People Change

alloy-maxi-dress-jean-jacket-thrift-lipstick

alloy-maxi-dress-jean-jacket-thrift-lipstick

alloy-maxi-dress-jean-jacket-thrift-lipstick

We all have that friend from high school or middle school or even grade school who we thought would be in our corner “forEVER ever”.  The one who knew our deepest darkest secrets and greatest fears.  And then it happens…life, that is, and we lose touch.  That one time BFF becomes just an acquaintance.

While it’s natural to feel sad about the distance that’s grown between you, I’ve learned to accept that some of those friends are no longer the friends we once knew.  And that’s okay.  But, I’ve also learned that life doesn’t always change as fast as people do.  It’s painful when those who you’ve called friends and who’s highs you’ve celebrated and lows you’ve consoled no longer return that most valuable part of the relationship…love.

This truth affects all kinds of relationships.  I’ve lost count of the times friends have shared how much they miss the guy they thought was Mr. Right once a relationship has ended.  In reality, what they miss is the feeling they had when they were with so-called “Mr. Right”.  So easily we confuse the two.
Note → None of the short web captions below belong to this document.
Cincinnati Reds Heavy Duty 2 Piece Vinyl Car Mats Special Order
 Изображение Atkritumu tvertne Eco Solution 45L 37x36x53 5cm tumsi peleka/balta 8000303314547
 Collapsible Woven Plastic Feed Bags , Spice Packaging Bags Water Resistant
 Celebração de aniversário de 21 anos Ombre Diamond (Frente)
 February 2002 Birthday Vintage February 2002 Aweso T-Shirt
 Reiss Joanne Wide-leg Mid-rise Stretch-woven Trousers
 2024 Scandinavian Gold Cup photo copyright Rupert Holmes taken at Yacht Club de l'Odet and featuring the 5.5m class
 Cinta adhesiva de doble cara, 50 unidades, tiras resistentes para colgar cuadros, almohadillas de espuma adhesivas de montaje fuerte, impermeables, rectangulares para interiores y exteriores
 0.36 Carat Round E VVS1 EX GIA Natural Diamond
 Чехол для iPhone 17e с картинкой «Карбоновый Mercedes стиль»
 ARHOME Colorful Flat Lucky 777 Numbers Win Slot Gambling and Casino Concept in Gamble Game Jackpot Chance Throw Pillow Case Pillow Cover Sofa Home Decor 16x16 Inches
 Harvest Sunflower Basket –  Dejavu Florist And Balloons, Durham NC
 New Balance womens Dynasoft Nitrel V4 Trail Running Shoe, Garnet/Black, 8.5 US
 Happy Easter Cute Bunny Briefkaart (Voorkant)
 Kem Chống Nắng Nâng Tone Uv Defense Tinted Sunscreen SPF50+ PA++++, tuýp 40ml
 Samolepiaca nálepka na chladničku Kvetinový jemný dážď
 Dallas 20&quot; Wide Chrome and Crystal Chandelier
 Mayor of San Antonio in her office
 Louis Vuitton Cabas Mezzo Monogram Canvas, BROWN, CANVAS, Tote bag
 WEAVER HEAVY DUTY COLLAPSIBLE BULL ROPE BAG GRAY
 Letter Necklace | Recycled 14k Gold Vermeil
Life is a series of experiences; many of which are relationships.  Many times how we navigate through those experiences will determine our success in life.  I admit, I haven’t always gotten it right with the relationship experiences in my life.  In fact, most times I’ve gotten it wrong.  I’m horrible at returning text messages.  I hate talking on the phone and special dates like birthdays….you can forget it.  However, in order for me to get my relationships right with others, it’s important for me that I get my relationship right with God first…after all, there’s no relationship more important.

Have you taken a pulse on your relationships lately?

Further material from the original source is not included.